Background
This article is about how I acquaint myself with object detection methods and their models. Let’s begin by explaining why I am interested in object detection. Object detection problem is interesting because if we can detect objects of interest accurately, we can then count items, classify them, work out their spatial interaction or relationship and do much more. Unlike a classification task which aims to identify the most prominent or relevant object in an image, we are interested in knowing which, how many and where all objects are in an image or a video. Object detection is a much broader problem. Unlike a segmentation task which aims to assign each pixel in an image predefined classes, we are only interested in the whereabout or the vicinity of an object without concerning details at pixel level. Some computer vision tasks may not need to go down to the pixel level, including head counting, identifying the presence or absence of an objects, and so on.
The need to detect an object or many objects in a scene is nothing new. However, the most exciting fact is that we can improve object detection performance by adapting convolutional neural network architecture which has proven to be suitable in image classification, natural language processing, computer vision, audio processing and more.
Approaches
My reading suggests that there are two main schools of thoughts. The first approach is a two-stage system, involving two separate models. The first model scans an image and then provides a basket of region candidates that likely contain an object of interests (region proposal stage). The second model can then do less work by taking in only these proposals and try to classify them. The famous member from this school is the R-CNN family.
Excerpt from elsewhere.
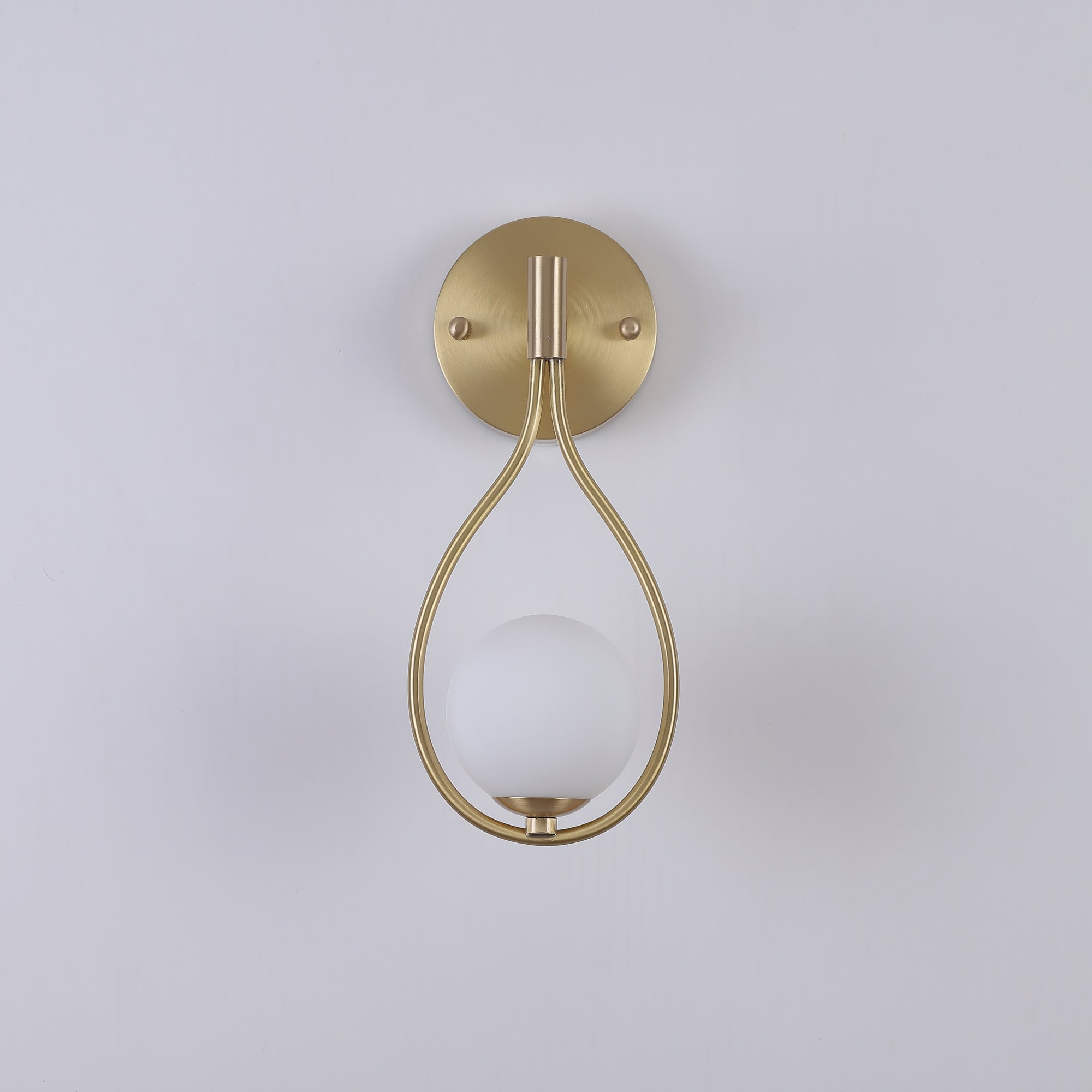 Brass Vanity Wall Lamp - Blowlighting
However, one of the main drawbacks of the two-stage system is its inefficiency in deployment as well as training. Two separate models are trained in series and both are needed during deployment, thereby making end-to-end training impossible. The second approach, by and large, tries to address this inefficiency. It advocates a single model that scans an image, estimates a pool of possible object locations and then classifies them. In this way, this model can be trained end-to-end, optimizing the complementary tasks simultaneously. For a long time, the two-stage approach yields better performance than a single-model approach. Until fairly recently, scientists have worked out a number of tricks that enables a single model to supersede two-stage models. Famous members include YOLO family, SSD, RetinaNet, etc.
{width=10%}
Furthermore, within this one-stage approach, we have seen two variants, namely anchor-based and anchor-free. The anchor-based approach relies on anchor boxes that are pre-determined and covered the entire image. Because they can be controlled via their aspect ratios and scales, these boxes capture object of various sizes and shapes. In much of the same way as region proposals, these anchor boxes serve the same purpose, but since they are set inside the model architecture, the model must go through and evaluate them all to detect any object of various shapes and sizes. This can be very useful if we have a rough idea on the kind of shapes and sizes of our objects of interest.
The anchor-free approach is closer conceptually to segmentation than anchor-based approach. Instead of relying on pre-defined anchor boxes as region candidates, anchor-free seeks to identify pixels that are useful for defining an object boundary. Since it operates on pixel level, it bears resemblance to segmentation tasks. For instance, to obtain object boundaries, cornerNet uses the corners while FCOS uses the center-of-mass.
Modern object detection methods involve the following elements:
- Anchor boxes
- Feature pyramid network
- Focal loss
- Non-max suppression
How these elements play out in the network architecture and during training will be delineated when we go through my python source code in the latter parts of this object detection series.